Time and again these pips of edible starch have the last laugh. Now as the hour arrives, nothing can disguise my angst. I tell the family, “You watch the game while I finish dinner.” Behind the kitchen door I am a wreck. I consider a shot of Schnapps to steady myself, but instead, I transfer the potatoes to a great bowl of uncertainty.
When I was a child, Grandma prepared the mashed potatoes. Hers were always perfect. For my grandmother, mashing potatoes was an athletic event. I watched as she poured steaming white spuds into an earthenware crock. Armed with a wooden mallet, she mashed and pounded. She was a demolition crew with a wrecking ball.
“Pour the milk, ” she directed me, “now the butter. . . a handful of salt.” I did exactly as I was told. The aging skin on her arms swayed with the rhythm of her mashing against the old stone crock. When the potatoes reached a creamy consistency, Grandmother wiped her forehead on her ruffled apron and presented the delicacy to the family.

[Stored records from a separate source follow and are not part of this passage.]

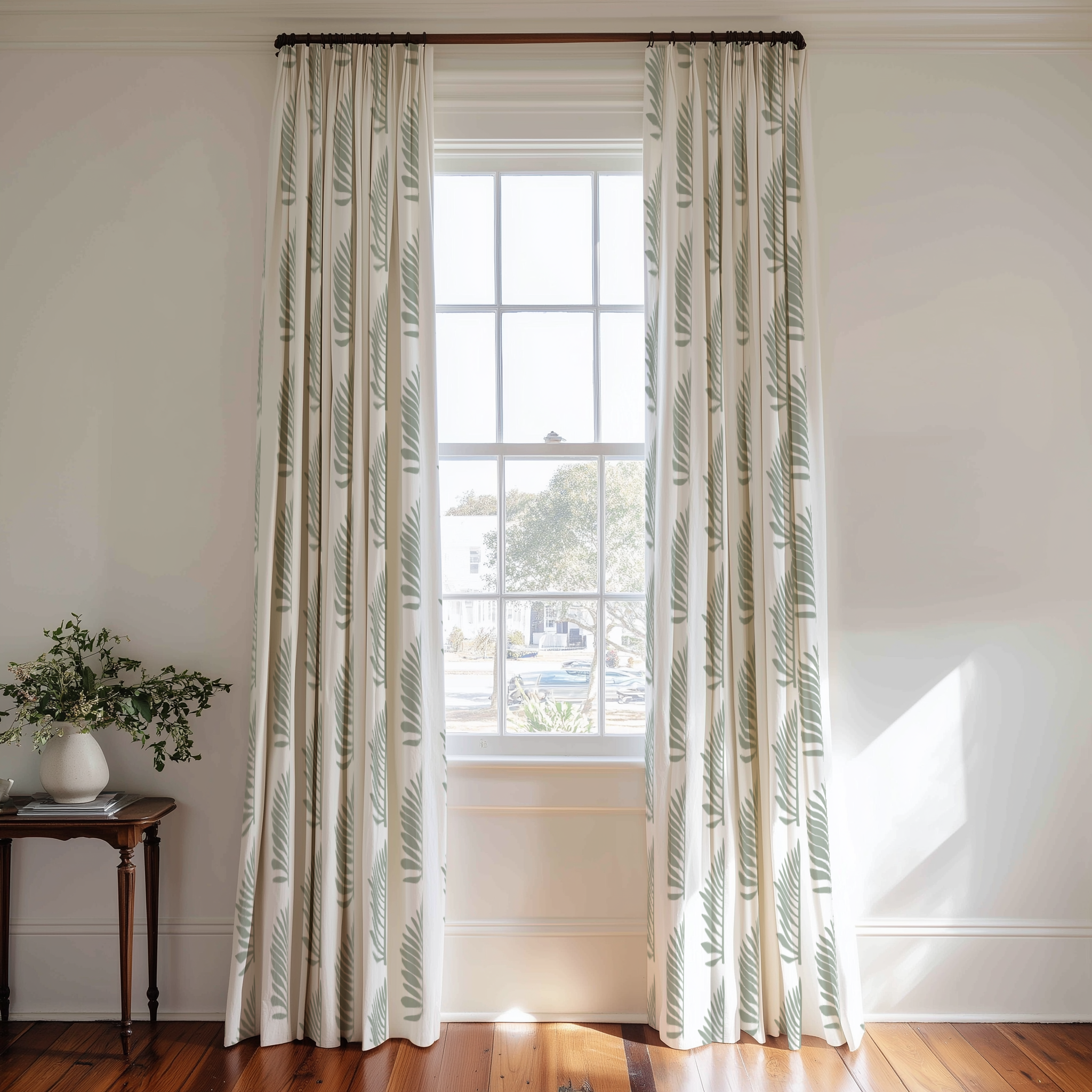 Window with white curtains featuring green leaf Palmetto pattern by Emily Daws wooden side table with plant, and white walls.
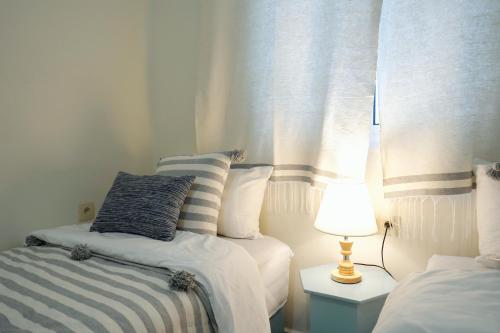 ein Schlafzimmer mit 2 Betten und einer Lampe auf einem Tisch in der Unterkunft Dar Badr in Tangier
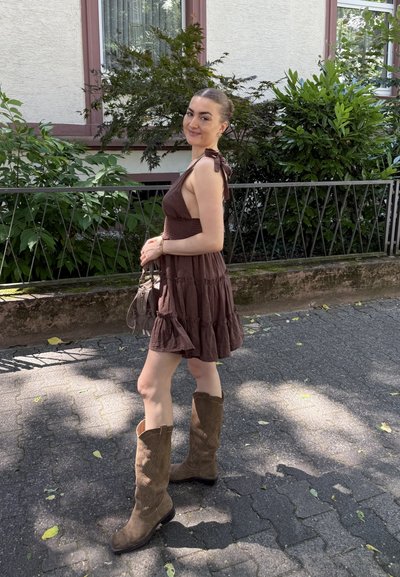 Mujer con un vestido marrón sin mangas y botas marrones altas, sosteniendo un bolso beige, de pie en un camino pavimentado iluminado por el sol cerca de vegetación y un edificio.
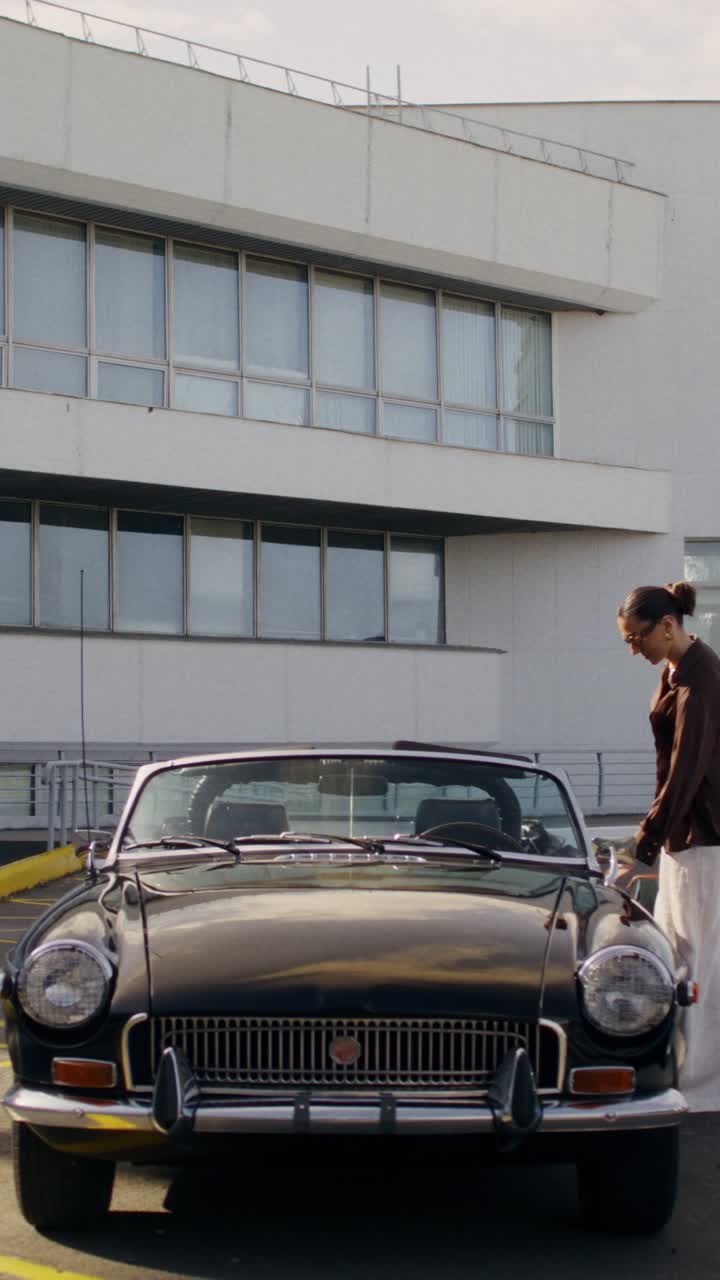 Woman standing by a classic convertible car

These memories and her old wooden mallet are all that I have from my grandmother. A wisp of a woman, Katherine Morgan lived well into her ninety-seventh year, which is a tribute to her unyielding disposition. Never a quitter, her leathered hands did not rest. She re-upholstered furniture, plastered ceilings, hammered nails, and plied the hand plow. She shoveled coal and she shoveled snow. At eighty-eight Katherine climbed a ten-foot ladder to prune the trees. “Katie, just hire someone,” Grandpa said.
Grandma snapped back, “And spend good money? I’ll do it myself.”
She raised chickens, chopped off their heads, plucked feathers, and fried the birds to crisp perfection. The highlight of every Sunday was fried chicken and mashed potatoes.
Fifteen years after her death, I wear Grandmother’s tenacity like invisible skin. I dig in my heels. “I have a Master’s Degree. These potatoes will not bully me.”
Then again, I could avoid embarrassment . . . sprinkle parsley on whole spuds and call it good.”
Perspiration drips from my forehead as I pull the potatoes from the stove. Gnawing my cuticles, I scan the recipe in the Joy of Cooking. Anxiety is setting-up faster than the cranberry Jell-O. Did Grandma leave a recipe? Maybe I bought the wrong spuds. Maybe I should whip them in a crock.
Pressure mounts when the tender timer pops. The turkey, roasted in a newfangled cooking bag, is ready. Rummaging through the drawers, I paw around a mountain of utensils in search of the beaters for my portable mixer. The out-dated turkey baster and the ancient potato masher are pushed aside. “ . . . so grateful for simpler methods,” I think. But as my fingers connect cord to power, something says, “these are supposed to be mashed potatoes.”
“That’s it!” I shriek. “I’ve been flogging the potatoes to death! Tossing the mixer aside, I resurrect Grandma’s wooden masher. The skin on my arm sways in rhythm to the mashing against the bowl. At last I have the upper hand.
Lesson learned. Expedience is not a perfect recipe. These hand-mashed potatoes look creamy, just like Grandma’s. From now on, I’m a devout masher. Potatoes, anyone?